The brutality of Myanmar’s junta has unmasked the generals in command but also influential Buddhist monks who were previously revered as significant religious figures.
Ashin Chekinda was known for his Buddhist programs for teenagers during the holidays, attracting hundreds of youngsters annually. He has failed to criticize the junta’s brutal crackdowns on peaceful protesters, some of whom are the same age as his students.
His relationship with National League for Democracy (NLD) leaders, including Daw Aung San Suu Kyi, was poor while the party was in power.
In July 2020, an embankment broke on the Ayeyarwady River in Amarapura Township, Mandalay. Then monk Ashin Chekinda attended as Mandalay City Development Committee officials were fixing the embankment at night. The monk castigated the NLD’s Mandalay mayor Dr. Ye Lwin, who was watching the work. The monk said he had come “for the sake of the people”, in contrast with the mayor.
The monk now heads the International Theravada Buddhist Missionary University in Yangon and publicly supports the junta, failing to condemn its many atrocities.
He was silent when the regime set fire to houses and killed civilians in Sagaing, his hometown, and he often attends the junta’s religious ceremonies. He also accompanied regime leader Min Aung Hlaing to Moscow in July to consecrate a replica pagoda.
Sitagu Sayadaw Ashin Nyanissara and Ashin Chekinda reportedly called on Min Aung Hlaing ahead of the 2020 general election for a coup. He wrote to Min Aung Hlaing, urging him to stage a coup, according to a respected monk who has followers in the military and the ousted NLD government. Ties with Min Aung Hlaing have deepened since the coup.
Ashin Chekinda was known for his Buddhist programs for teenagers during the holidays, attracting hundreds of youngsters annually. He has failed to criticize the junta since the coup.
He has close ties to military officers and told them to treat the former president U Thein Sein, an ex-general, as a father figure. In July 2015 he told officers to keep the former president’s footprints “as your father’s” during a ceremony to unveil a statue of Athinkaya Saw Yun, the founder of the Sagaing kingdom.
A monk who attended the ceremony said: “Ashin Chekinda told generals to keep their father’s footsteps. Some officers said their fathers had passed away. So he asked if U Thein Sein, who was a former general, had been like a father to them and the officers agreed. He told them to keep the footprints of U Thein Sein.”
Bamar custom says the footprints of mothers should be kept in appreciation of maternal love but it is rare to keep a father’s footprints and Ashin Chekinda’s comments surprised many.
The pair were close and U Thein Sein’s grandchild attended Ashin Chekinda’s holiday school.

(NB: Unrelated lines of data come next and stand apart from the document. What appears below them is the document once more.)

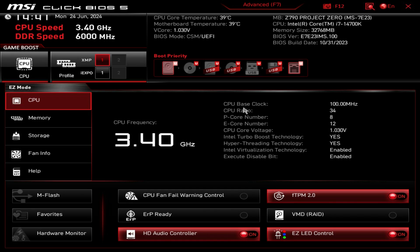What is up guys, we're back with another BIOS video and today we're checking out the Click BIOS 5 here on MSI's Z790 Project Zero motherboard.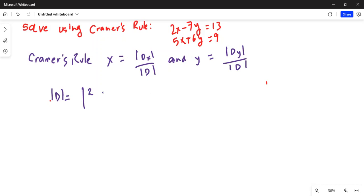The coefficients of x and y: 2, minus 7, and 5 and 6. You can use a TI-84 calculator to find this. First you have to create a two-by-two matrix, so you press Second and then the x-inverse key to get the matrix screen. Then you go to Edit, press number one, make matrix A at two rows by two columns. In the first row enter 2, then minus 7, and in the second row enter 5 and then 6.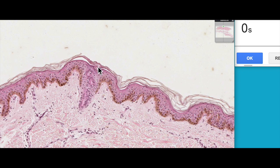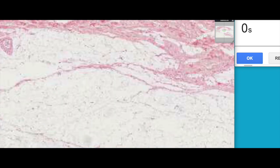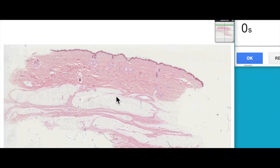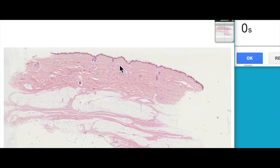That was an overview of interpreting low-magnified views of the skin, particularly the dermis. Hopefully you found that useful. We'll look at the structure of the dermis in a little bit more detail in future videos, so I hope you'll join me.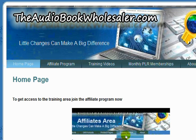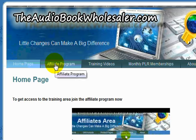The training videos are kept in a secure area attached to the Affiliate Program. It is free to join, and to join, click on the Affiliate Program tab.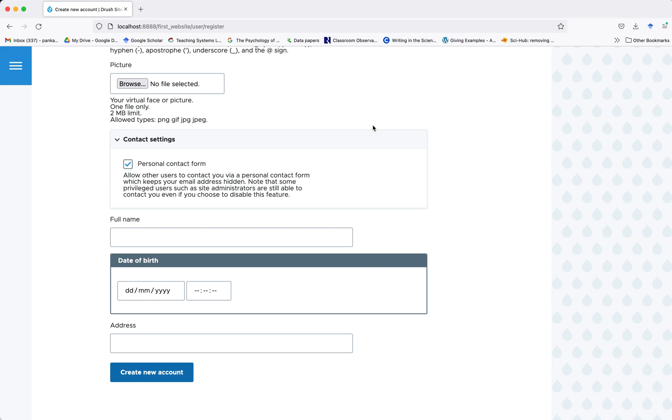In the same way, you can add any type of field to user profiles. Thank you very much for watching.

U Thein Sein and Ashin Chekinda discussed the formation of a religious organization, which resulted in the nationalist, extremist Patriotic Association of Myanmar, also known by its Burmese acronym Ma Ba Tha.
Ashin Chekinda invited monks who took part in the 2007 Saffron Revolution against the previous military regime and several scholars to his monastery in Hmawbi, Yangon. U Thein Sein offered to fund monasteries that joined the association and pay for building repairs.

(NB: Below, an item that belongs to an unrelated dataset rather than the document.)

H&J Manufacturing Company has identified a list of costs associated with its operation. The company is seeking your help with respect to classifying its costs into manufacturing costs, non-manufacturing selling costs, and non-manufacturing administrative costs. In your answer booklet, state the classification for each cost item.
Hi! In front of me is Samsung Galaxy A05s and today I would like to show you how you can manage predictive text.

A monk from the Saffron Revolution Network said: “He didn’t say what he discussed with U Thein Sein but Ma Ba Tha was a political organization to win votes for the [military-proxy] Union Solidarity and Development Party. So we didn’t join.”
After failing to win over many of the monks who had protested against the regime, Ashin Chekinda widened the invitation to monks from across Myanmar.

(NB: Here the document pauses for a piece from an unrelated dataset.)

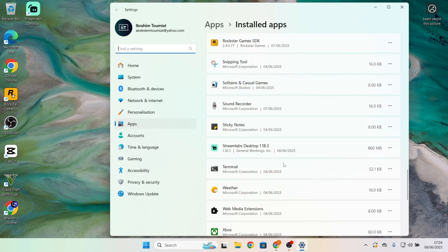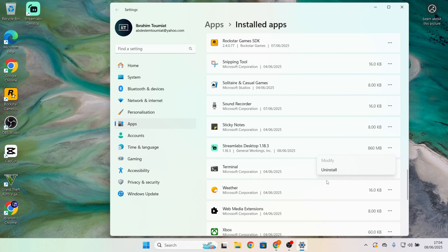So, for example, I want to uninstall this app. Click on the three dots. Click on uninstall.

While the Ma Ba Tha won global notoriety for its anti-Muslim hate speech, Ashin Chekinda, who was responsible for its creation, remained behind the curtain. And he even managed to bolster his image through charity work.
His ties with the military have grown stronger since the coup.
Soldiers from the Fourth Military Operations Command in Yangon clean his monastery in Hmawbi every weekend on the orders of their commanders.
Few soldiers were happy with the forced labor, said former captain Htet Myat, who defected after the 2021 coup.
Officers took temporary monkhood at Ashin Chekinda’s monastery and made donations. Generals and tycoons often met each other at the monastery.
In return business owners donated cash and cars to the monk. Ashin Chekinda arranged a government meeting for a businessman in Myeik Township, Tanintharyi Region, over a power supply contract. In return, the businessman paid for a foreign trip for the monk.
Born in Sagaing, Ashin Chekinda is not a “nge phyu” who has been in a religious order since the age of 18, when a teenager can choose to become a monk. He received a diploma in civil engineering from the Mandalay Institute of Technology before becoming a monk at 25 in 1983.
Ashin Chekinda reportedly owns the Taw Win Nan guesthouse beside the Ayeyarwady River in Sagaing and a gold shop. The businesses are managed by his nieces and a nephew.
A former student said Ashin Chekinda often told his teenage students and temporarily ordained monks that Myanmar’s democracy is a monarchy that the military had to take over because of the civil war under the parliamentary democracy of the early 1960s.
But he has been tight-lipped when the regime set fire to houses and killed civilians in Sagaing, his hometown. And he has often attended the religious ceremonies held by the junta leader. He accompanied Min Aung Hlaing to Moscow in July to consecrate a pagoda replica.